-- WORK INSTRUCTION --
Give the whole listing below once more, exactly, without pictures.

-- DATA --
• • • • • • •

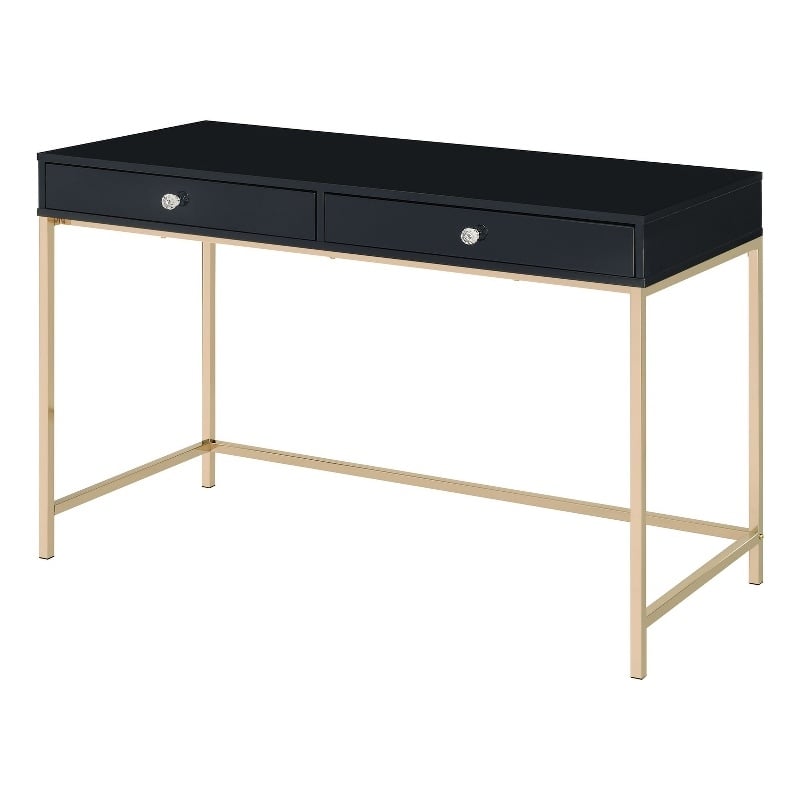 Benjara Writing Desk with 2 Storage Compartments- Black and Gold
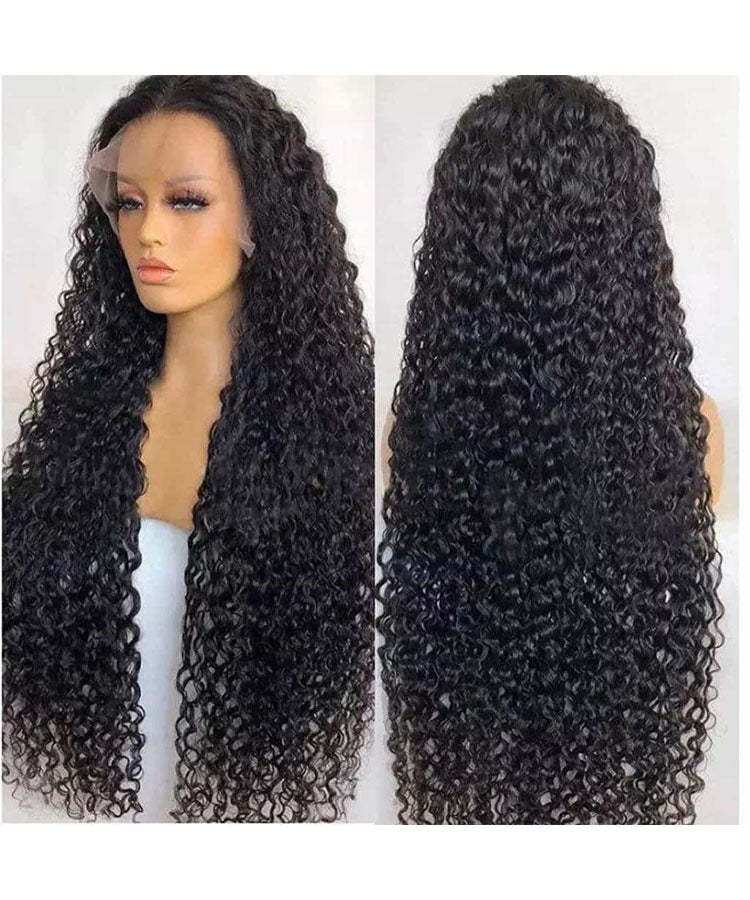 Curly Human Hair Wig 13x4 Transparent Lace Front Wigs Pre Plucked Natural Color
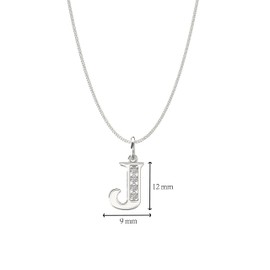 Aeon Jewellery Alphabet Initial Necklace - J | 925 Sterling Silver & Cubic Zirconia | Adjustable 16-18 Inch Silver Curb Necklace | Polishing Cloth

• • • • • • •

-- RESULT OF THE TASK --
 Benjara Writing Desk with 2 Storage Compartments- Black and Gold
 Curly Human Hair Wig 13x4 Transparent Lace Front Wigs Pre Plucked Natural Color
 Aeon Jewellery Alphabet Initial Necklace - J | 925 Sterling Silver & Cubic Zirconia | Adjustable 16-18 Inch Silver Curb Necklace | Polishing Cloth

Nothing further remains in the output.